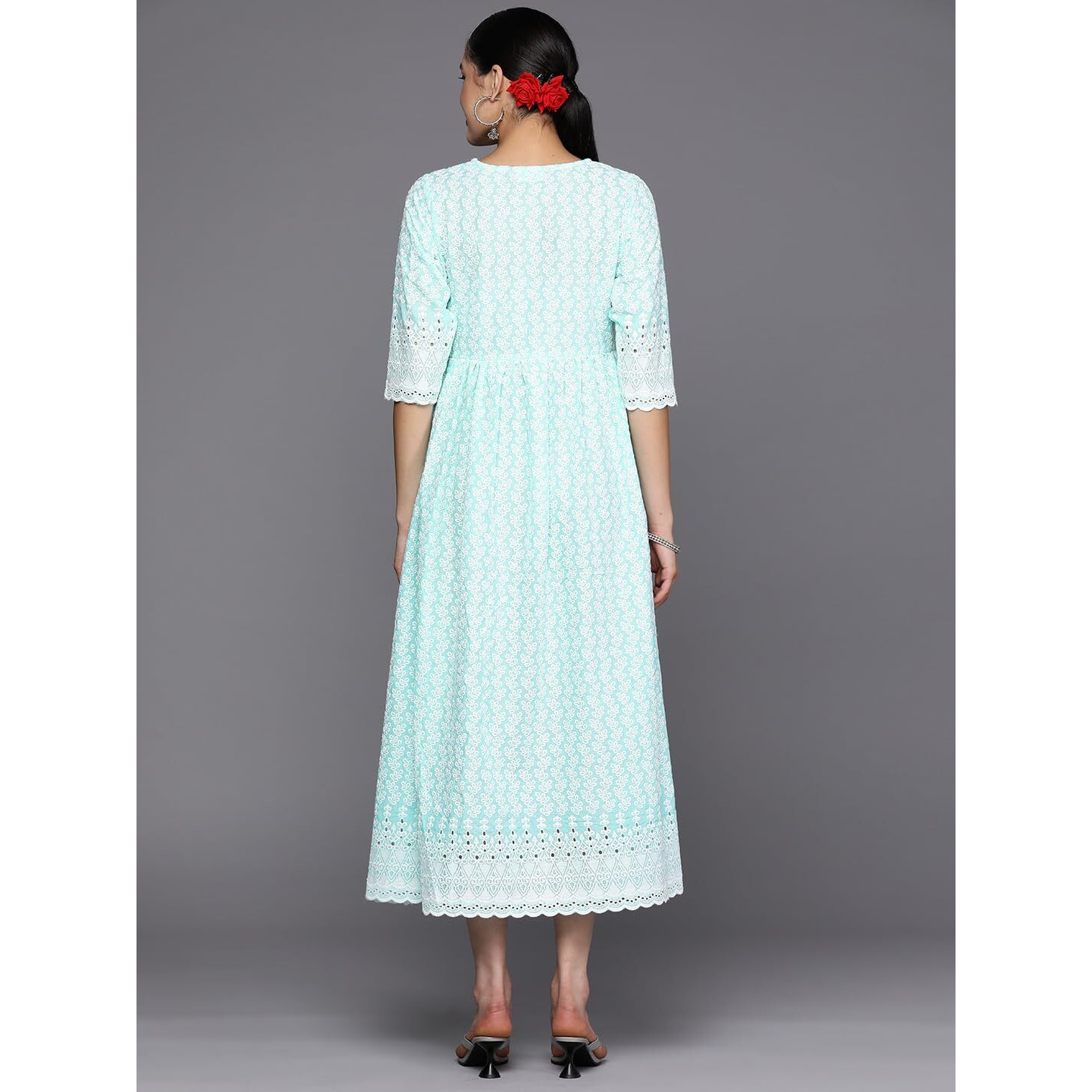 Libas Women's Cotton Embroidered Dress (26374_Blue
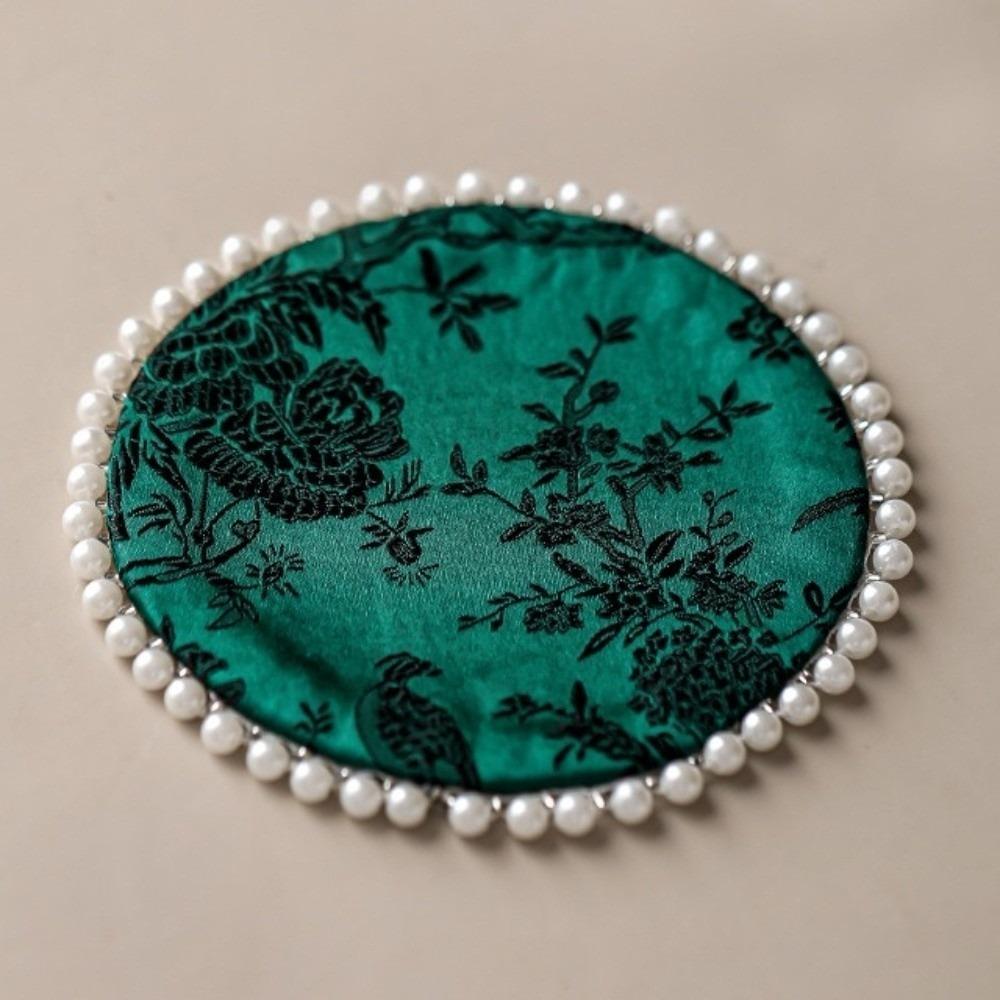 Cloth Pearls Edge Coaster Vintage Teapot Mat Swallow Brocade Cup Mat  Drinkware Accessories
+ + + +
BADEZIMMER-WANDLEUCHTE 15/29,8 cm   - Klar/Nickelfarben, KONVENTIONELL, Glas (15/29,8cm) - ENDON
+ + + +
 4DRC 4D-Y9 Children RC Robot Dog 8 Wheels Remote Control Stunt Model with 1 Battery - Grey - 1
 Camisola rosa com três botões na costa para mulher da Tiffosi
+ + + +
--- Aim of the exercise ---
From the data above, output exactly the lines between the one containing "4DRC 4D-Y9 Children" and the one containing "Camisola rosa com", counting both of them.

--- The completed task ---
 4DRC 4D-Y9 Children RC Robot Dog 8 Wheels Remote Control Stunt Model with 1 Battery - Grey - 1
 Camisola rosa com três botões na costa para mulher da Tiffosi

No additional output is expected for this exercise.